This 2018 version of the St. Vincent Is decked out in a high-gloss Charcoal sparkle finish, and new color options for this model also include Blue Dawn, Stealth Black, and Seabreeze. The hourglass-shaped body is contoured in all the right places, and the cutaway and rounded heel area offer good access to the high frets. The bolt-on neck, which is cut from highly figured roasted maple and coated with a thin oil/wax finish, features a 25 ½”-scale (10” radius) ebony fretboard carrying 22 glistening, high-profile, medium frets. The neck is super comfortable, and the factory setup provided low action with only slight string buzzing above the 14th fret. The intonation was sweet sounding in all positions, too. The butter-smooth Music Man Modern tremolo and locking Schaller tuners are a proven combination, and the straight string pull afforded by the 4 + 2 arrangement over a black synthetic nut kept the tuning satisfyingly stable when bending strings or even brutalizing the bar to its limits—there’s enough downward range to slacken the strings. If things did go a little out of tune, a tap of the bar was usually all it took to remedy it. The only initial frustration was getting the strings fully stretched out.
The use of dual custom-made Music Man humbuckers on the HH further differentiates it from the previous St. Vincent with its trio of mini humbuckers. The 5-way switching provides the usual bridge/both/neck selections, as well as the outside coils and inside coils of the two pickups. This system delivers a great range of sounds, and played straight into a Sound City SC30 combo, the SVT HH produced massive distortion from all of the humbucker settings, with crisper split-’bucker tones just a couple of switch clicks away on positions 2 and 4 (nice to not have to pull on any control knobs to get those sounds). Hard rock and metal are obvious zones for this guitar—although it also sounded cool played through a Fender Deluxe Reverb set clean—and, when fueled up via grind and fuzz pedals, the SVT HH maintained its dynamic punch and presence when pushing into a ton of distortion. Music Man definitely has it down when it comes to getting lots of sounds from two humbuckers, and that’s part what makes the St. Vincent HH a great guitar for all kinds of applications. A unique axe boasting top-notch quality, hip features, and fine playability, the SVT HH is one beauty of a beast.
MODEL St. Vincent STV HH
PRICE $2,299 street (base price)
NUT WIDTH 1 5/8”
NECK Roasted maple, bolt on (ebony optional)
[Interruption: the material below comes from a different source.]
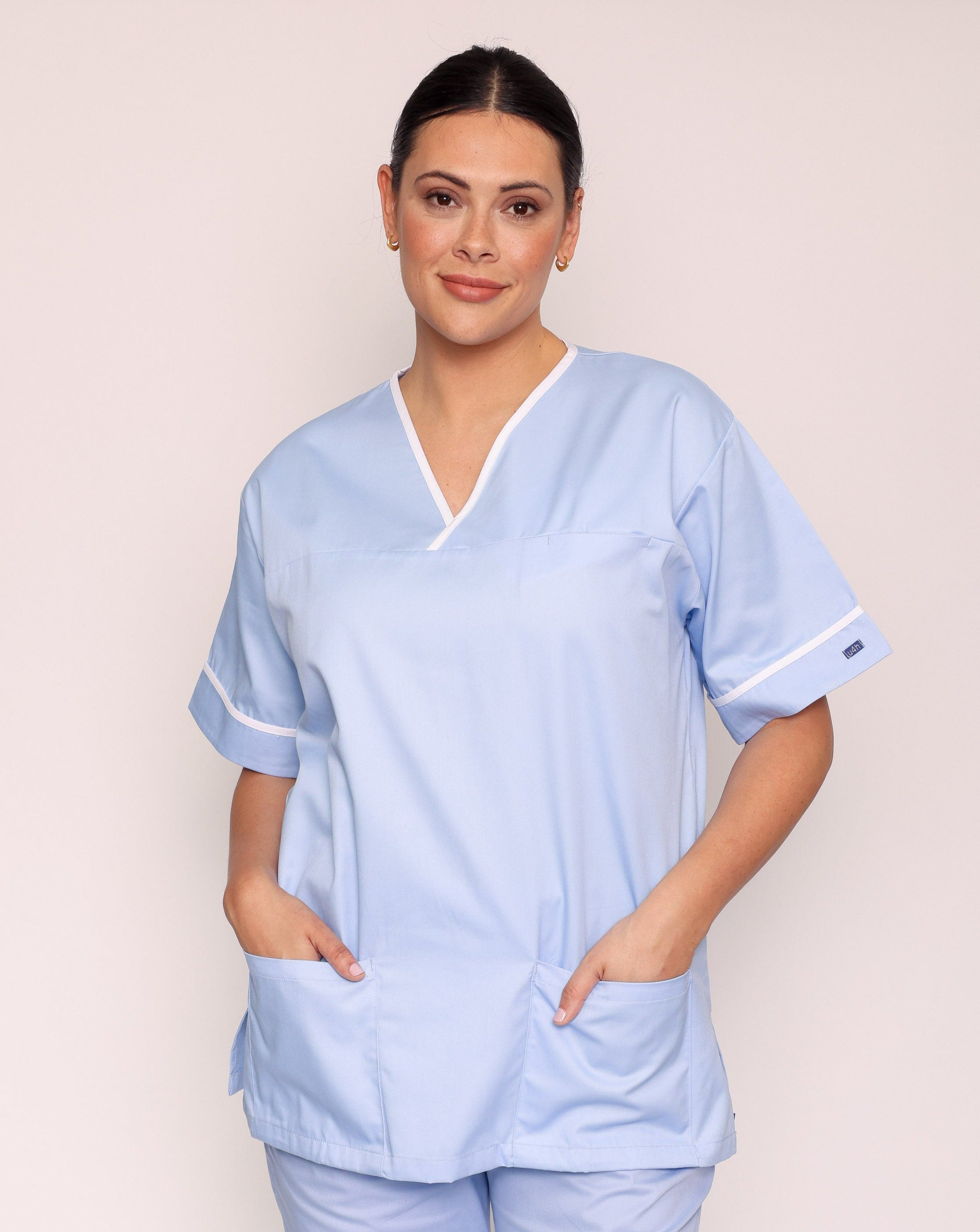 Casey Unisex Smart Scrub Tunic - Sky Blue / White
FRETBOARD Maple, 25 ½” scale, 10”
TUNERS Schaller M6 locking
BODY African mahogany
BRIDGE Music Man Modern tremolo with bent-steel saddles
PICKUPS Ernie Ball Music Man custom humbuckers.
CONTROLS Volume, Tone, 5-way selector
FACTORY STRINGS Ernie Ball Slinky .010-.046
WEIGHT 7.8 lbs (measured)
KUDOS Great look. Plays well. Sounds terrific.
CONCERNS Nut corners are a tad sharp.